PETER BLACK, INFRASTRUCTURE WARFARE EXPERT: I tend to be interested in things that will cause an economic shock to the United States. And the three that I figured would be interesting to discuss this evening are the Alaskan pipeline, the Panama Canal and the natural gas pipeline system.

BROWN: And Winn, we talked a bit about cyberterrorism a few moments ago. Areas you find particularly vulnerable?

WINN SCHWARTAU, CYBERWAR EXPERT: Three main areas. The wireless network — a thorough security disaster. Number two, people. We don’t look enough at people security and how they affect the operations. And number three is electromagnetic weapons. The government calls them due.

BROWN: And Mr. Steele, two or three that jump out at you.

ROBERT STEELE, FORMER SPY: Well, we have already lost the intelligence war. They attacked us and we had six separate failures. We have lost the public relations and cultural outreach war so far. And last but not, least public health. I think the anthrax is local. I think smallpox and the plague carried by living, suicidal bombers is the next step.

BROWN: And we’ll be back with you shortly. Mr. Devost. Matt, a couple or three things that jump out at you.

MATT DEVOST, THE TERRORISM RESEARCH CENTER: Yes. Our organization really isn’t in the habit of naming actual public targets. What we like to do is evaluate the overall approach. And I think what we need to be focusing on now is recognizing that the enemy is looking at how they can weaponize certain elements of our society and use those against us.

They no longer have to build the bombs themselves. They can use currently existing infrastructures and have consequences within our society. That’s kind of the approach that we bring to this.

BROWN: OK. So, Matt, feel free to jump in — all of you feel free to jump in as we go along. Peter, back to you. Why don’t you start on the Alaskan pipeline and we will work with that for a bit.

BLACK: Well, you probably remember there was a story a couple of weeks about a loony up in Alaska who fired a high caliber rifle at the pipeline and essentially dropped it for awhile.
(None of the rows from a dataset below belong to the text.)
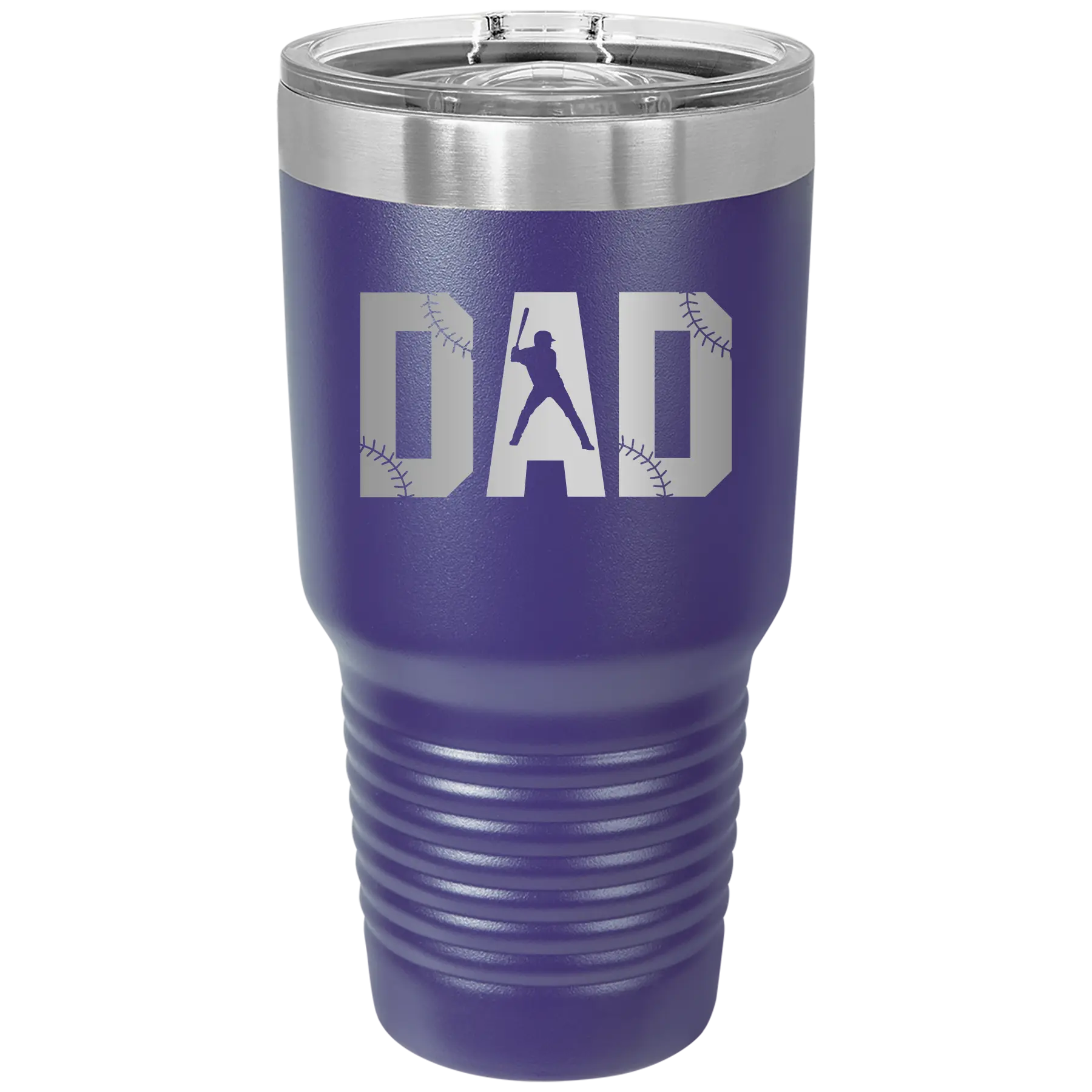Laser etched purple 30 oz vacuum insulated tumbler with 'Baseball Dad' design
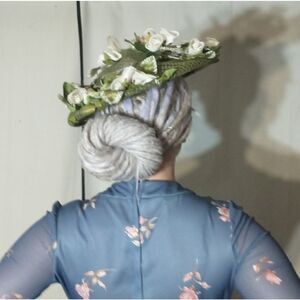 Vintage 1950s Norman Durand Original Floral Derby Style Hat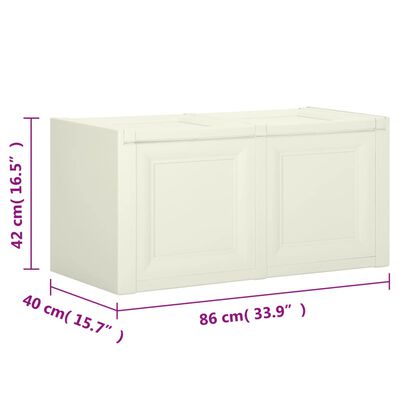 vidaXL Dėžė pagalvėlėms, vanilinės ledo spalvos, 86x40x42cm, 85l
And that’s just a guy with a rifle in the outback.

The pipeline itself is highly vulnerable and the key insights that I think needs to be taken here is that it’s impossible to in fact post sentries all along its 800 mile course and at all the pump stations and Valdez and such and the like. The important thing with this system and other critical systems of the infrastructure of the United States is that we be prepared to bounce back if they have been struck. Bounce back quickly. It takes a licking and keeps on ticking should be the watch word for critical infrastructure.

BROWN: And the Panama Canal, the importance — it’s not really American property anymore.

BLACK: It isn’t, although we have treaties that can cause us to take over control again. But a huge amount of raw materials, oil, gas, finished products pass through it on the way to the Gulf — not the Persian Gulf but the Texas Gulf and to the East Coast. And also, the ability of the navy to move men and materiel is still critical — critically dependent upon the Panama Canal. And the Panama Canal is in many ways quite vulnerable.

BROWN: And I believe, Peter, your third one was the natural gas pipelines that work the northeast? BLACK: Yeah, and that’s one — although some of the guys on the panel may have some incremental information to add to this, it’s a system that is largely controlled by computers, operating switches and systems and such and the like. So it’s not just physically vulnerable, it’s cybervulnerable. And if the system were brought down, some studies have indicated that it would not recover quickly. You can imagine how long it would take everyone to get everyone to safely relight their pilot lights.

BROWN: We will revisit the solutions, part of all this, in a moment.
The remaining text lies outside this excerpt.